For Christmas, one of my older brothers gave me Dave Ramsey's book: The Total Money Makeover.
Yes, the book is as cheesy as the title makes it sound. That aside, it does convey a lot of good information, once you get past the infomercial presentation.
So after reading the book, I've been looking over my financial situation. It could be better, but it's definitely not bad. I have very few expenses and I'm approaching the end of paying off all of my debts. Course, life would have been better had I not incurred the debts to begin with. I don't feel too bad, I had a time without any health insurance, low income, and huge medical expenses. So I know where my debts came from.
I still have huge medical expenses, but I now have health insurance that pays for most of it.
That said, I also am aware that getting to a financially stable point in life can be hard.
Dave Ramsey's methodology is basically: have an emergency fund, get out of debts (or even better don't get into debt), stay away from debt, build a larger emergency fund, build a retirement fund, save for big expenses, keep gaining money and almost always live on a shoestring budget no matter what your income is so that you have money for the hard times.
That's just a quick summary, but I think it encompasses the general idea.
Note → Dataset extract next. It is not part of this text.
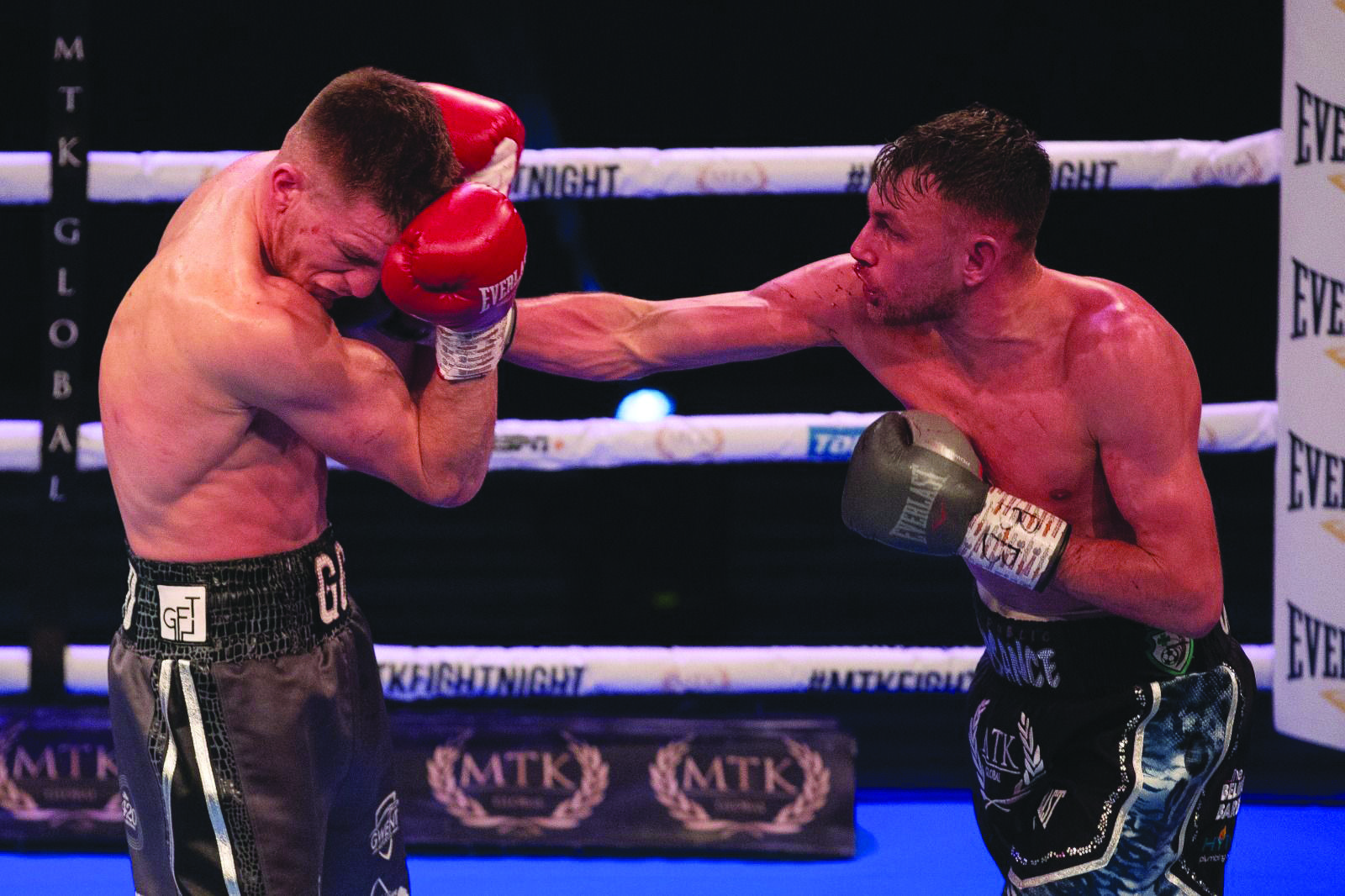 Sean McComb lost out to Gavin Gwynne for the Commonwealth lightweight title earlier this year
Now this past week they pulled me from actually talking to people to have me just process application. (It doesn't make sense to people, but the more workers talk to clients, the longer it takes to get assistance out.) While processing, I was noticing how many people are applying mostly because they made some really bad financial decision. Most of the decision are because they have some poor behavior when it comes to money. Things like declaring bankruptcy for the third time, running S-Corps where they pay themselves a salary that is twice what the company brings in, have rent or mortgages that are 75%-300% of their income, and the more common habit of buying things they think they need but don't really need.
It really comes down to what other social workers have been telling me for years, wealth is behavior more than anything else. The haves are haves because of the habits they have developed that let them make and retain wealth. The have nots are where they are at because of habits that don't make money or retain wealth. Knowledge and education has a little to do with it also, but a person habits and mentality towards money matters far more than education. (Trusts me, there are plenty of very poor people out their with PhDs despite what academia sells.)
Obviously, people can change behavior. Plenty of people go from the mentality of poverty to the mentality of the wealthy. The mental shift is part of the rags-to-riches story that gets glossed over by most storytellers. People who become destitute and manage to get out of it, often have gone through some behavioral changes.
Course, there are feast and famine families that I see a lot of. These people don't change their behavior, so when they have money, it gets spent nearly as soon as it comes in. Hence people that are on welfare even though they have a multi-million dollar home and drive a BMW.
But stlll, if Cinderella remained a princess for the rest of her life after marrying the prince, it was because she kept all the lessons from being a servant with her.